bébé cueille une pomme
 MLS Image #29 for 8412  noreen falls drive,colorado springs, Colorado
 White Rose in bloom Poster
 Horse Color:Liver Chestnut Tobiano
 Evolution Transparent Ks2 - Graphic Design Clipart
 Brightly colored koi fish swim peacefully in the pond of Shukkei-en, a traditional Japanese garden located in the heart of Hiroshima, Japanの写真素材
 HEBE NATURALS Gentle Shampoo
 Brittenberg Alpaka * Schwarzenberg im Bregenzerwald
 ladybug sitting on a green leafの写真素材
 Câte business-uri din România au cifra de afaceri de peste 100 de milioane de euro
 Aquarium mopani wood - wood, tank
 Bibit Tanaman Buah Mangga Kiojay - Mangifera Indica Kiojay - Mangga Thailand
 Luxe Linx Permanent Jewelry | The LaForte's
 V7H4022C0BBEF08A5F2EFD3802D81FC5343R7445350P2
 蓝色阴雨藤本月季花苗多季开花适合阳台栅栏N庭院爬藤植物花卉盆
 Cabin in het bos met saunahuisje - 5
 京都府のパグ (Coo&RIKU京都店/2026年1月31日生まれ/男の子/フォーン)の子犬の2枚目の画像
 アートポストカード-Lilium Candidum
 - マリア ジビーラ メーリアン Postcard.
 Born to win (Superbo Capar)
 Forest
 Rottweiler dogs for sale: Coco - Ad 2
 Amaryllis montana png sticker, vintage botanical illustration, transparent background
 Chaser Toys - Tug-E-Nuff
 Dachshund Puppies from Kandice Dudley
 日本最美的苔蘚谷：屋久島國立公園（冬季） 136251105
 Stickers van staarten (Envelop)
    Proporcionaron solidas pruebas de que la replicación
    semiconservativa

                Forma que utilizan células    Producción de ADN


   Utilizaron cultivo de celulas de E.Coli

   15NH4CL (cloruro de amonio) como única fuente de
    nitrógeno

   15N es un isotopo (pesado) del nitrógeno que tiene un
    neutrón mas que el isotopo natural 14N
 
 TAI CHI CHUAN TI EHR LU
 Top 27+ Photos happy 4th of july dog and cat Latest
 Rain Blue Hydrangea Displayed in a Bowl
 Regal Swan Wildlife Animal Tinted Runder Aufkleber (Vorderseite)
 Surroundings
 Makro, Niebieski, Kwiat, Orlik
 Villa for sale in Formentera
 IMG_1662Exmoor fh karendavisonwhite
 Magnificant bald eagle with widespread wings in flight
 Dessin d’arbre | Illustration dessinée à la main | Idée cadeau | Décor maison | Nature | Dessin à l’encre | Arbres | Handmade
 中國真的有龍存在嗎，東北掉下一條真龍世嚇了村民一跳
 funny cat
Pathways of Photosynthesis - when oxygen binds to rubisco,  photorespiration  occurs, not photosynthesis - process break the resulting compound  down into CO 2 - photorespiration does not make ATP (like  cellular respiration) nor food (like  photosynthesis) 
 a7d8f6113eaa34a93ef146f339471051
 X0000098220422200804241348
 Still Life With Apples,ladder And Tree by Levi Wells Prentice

### How to complete this task
From the records above, repeat exactly the lines from the one with "Amaryllis montana png" through the one with "celulas de E.Coli", both included.

### Written answer
 Amaryllis montana png sticker, vintage botanical illustration, transparent background
 Chaser Toys - Tug-E-Nuff
 Dachshund Puppies from Kandice Dudley
 日本最美的苔蘚谷：屋久島國立公園（冬季） 136251105
 Stickers van staarten (Envelop)
    Proporcionaron solidas pruebas de que la replicación
    semiconservativa

                Forma que utilizan células    Producción de ADN


   Utilizaron cultivo de celulas de E.Coli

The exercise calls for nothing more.